Of course, you can not do this all on your own. To succeed you need experts, advisors and supporters.

  • Start with a list of people you need. This might include:
    • Political Scientists for advice and possibly in charge of the theses
    • Marketing Specialists, managing your marketing channels (e.g. social media, email, etc.)
    • Web Developers with technical skills to get the election compass online
    • Media Designers
    • enthusiastic citizens / people with good connections to the administration, newspapers and other institutions
    • people with great language skills (for wording and spelling)
  • Think of people that might fit into these positions and contact them.
  • Organize a kick-off meeting of your entire team to present your project, the plan, the structure and timeline.
  • Establish your organization tools and communication channels.
  • Get everyone to work, gather todos and assign them, set deadlines.

# Tips

# I don't know people suitable for these positions

First, if you're not part of an organization, find one that is interested in your idea. This might be a youth organization (maybe not a sport club, though) in your city or any other organisation serving the public good. Again – you should never run an election compass all on your own.

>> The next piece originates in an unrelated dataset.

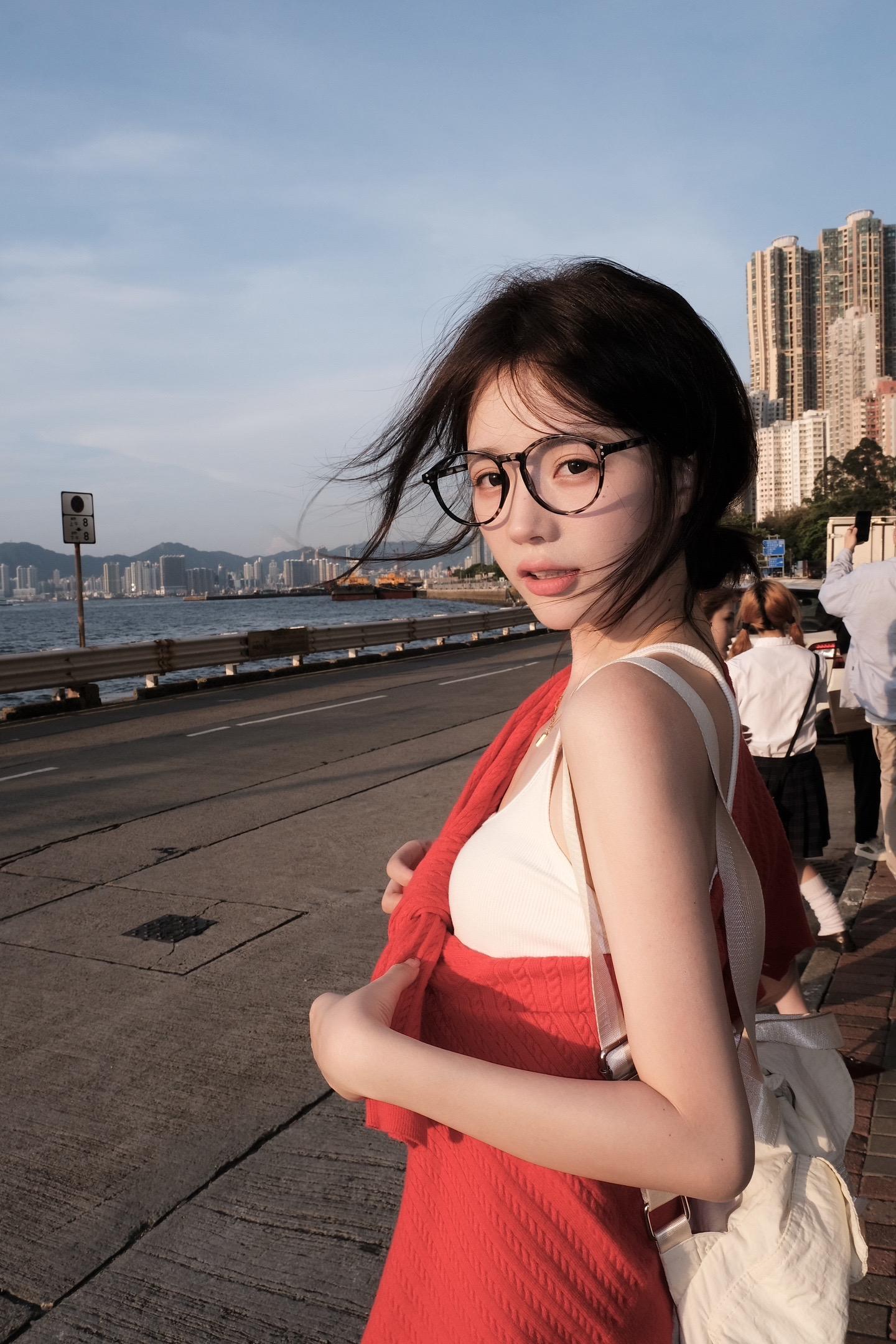 红色和香港的适配度太高了！！🇭🇰。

If you're part of an organization, they might know a lot of people or can use their communication channels to find them.

As part of an organization, you can also reach out to the public using newspapers. This will reach a very diverse and great number of people. Chances are high, you'll get a lot of interested contacts this way.

# We have too many people for a position / our team is becoming too big

It's important, to keep the team well organized. The more people are part of it, the less responsible everyone will feel. Therefore, the team should not become too big. 5 to 10 people tend to be the most effective. 15 can still work okay. Above that it quickly becomes difficult. You don't have to "kick people out" though. Just talk to everyone openly about this problem and try to find a solution together. There are many ways of dealing with this. Some people might simply resign. Or you can find a more complex form of organization, where you build departments with one manager each and a core team. Whatever you do, there should be a single person as a head of the entire team. Not as a boss, but as a special role that is responsible for keeping track of the timeline, the goals, todos, team meetings and the general overview. A person who's sole task it is to generally keeping the ball rolling.

# How do we make decisions as a team?

If you have never worked together as a team before, it's recommended to address this topic in the beginning. Of course, you can choose between many forms of organization. It's recommended, to let every expert / department make decisions of it's own. They report to the entire team and if some individual decisions turn out to be controverse, you can talk about it together. If you cannot reach a consens, you can vote or try to get a second opinion.